ASSIGNMENT
Type out the data exactly as given. Skip any image.

DATA PROVIDED

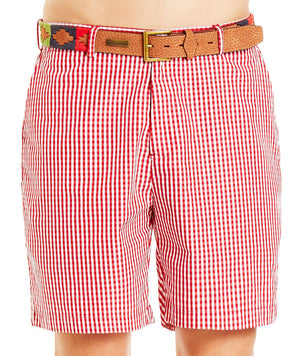 Casual Shorts B-Red Gingham Check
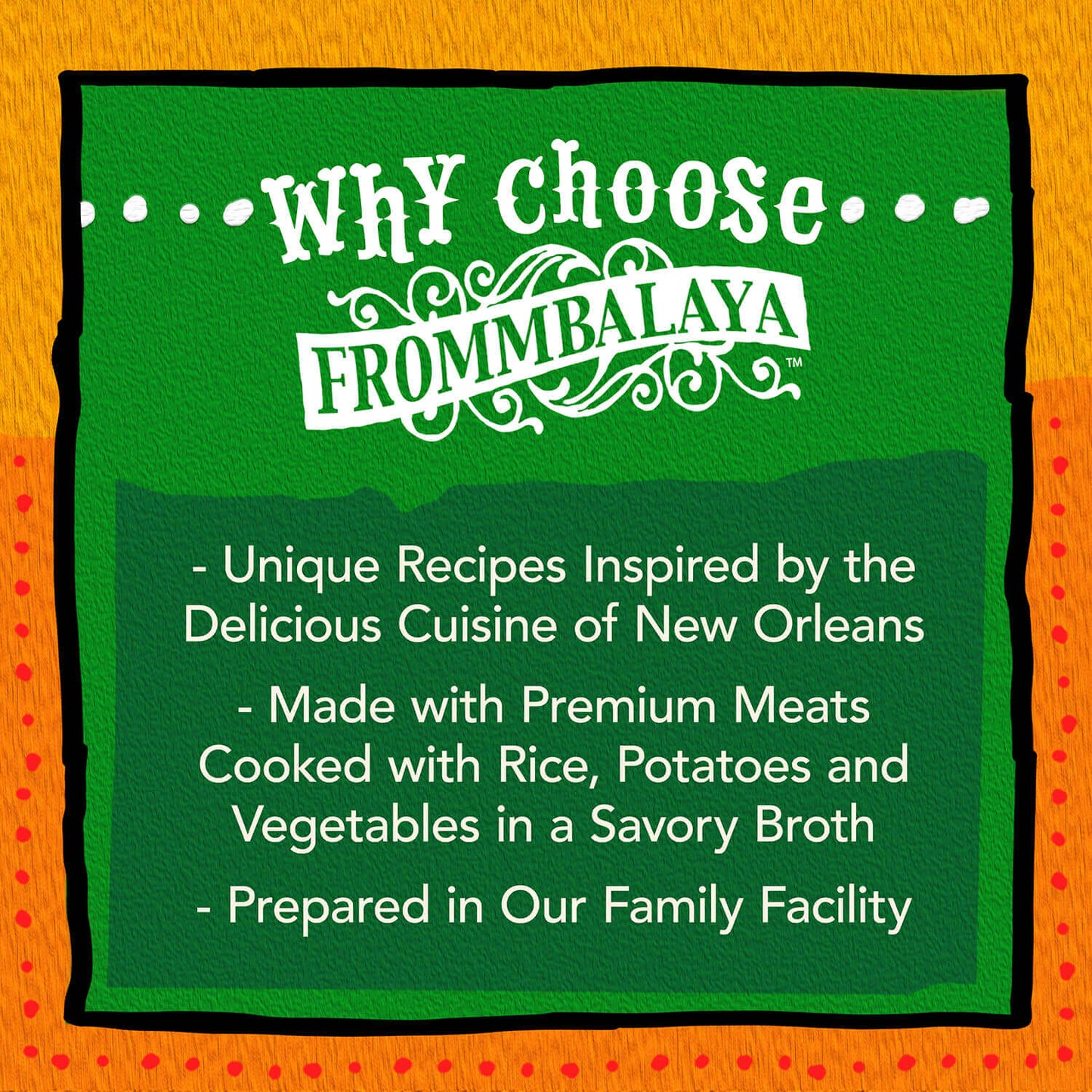 FROMM® FROMMBALAYA™ LAMB, VEGETABLE, & RICE STEW WET DOG FOOD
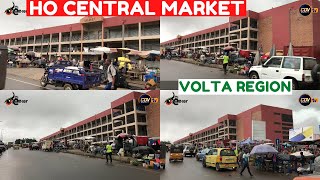 The HO CENTRAL MARKET Update 142 STORES  NEWLY Constructed HO MARKET in the Volta Region of Ghana [upl. by Lacagnia]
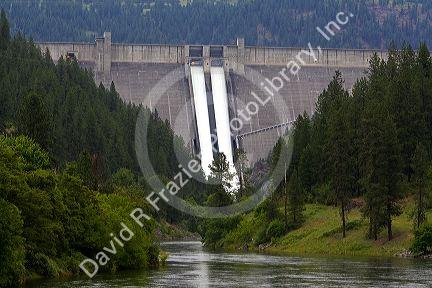 Dworshak Dam is a hydroelectric dam located on the North Fork of the Clearwater River near Orofino, Idaho.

WRITTEN ANSWER
 Casual Shorts B-Red Gingham Check
 FROMM® FROMMBALAYA™ LAMB, VEGETABLE, & RICE STEW WET DOG FOOD
 The HO CENTRAL MARKET Update 142 STORES  NEWLY Constructed HO MARKET in the Volta Region of Ghana [upl. by Lacagnia]
 Dworshak Dam is a hydroelectric dam located on the North Fork of the Clearwater River near Orofino, Idaho.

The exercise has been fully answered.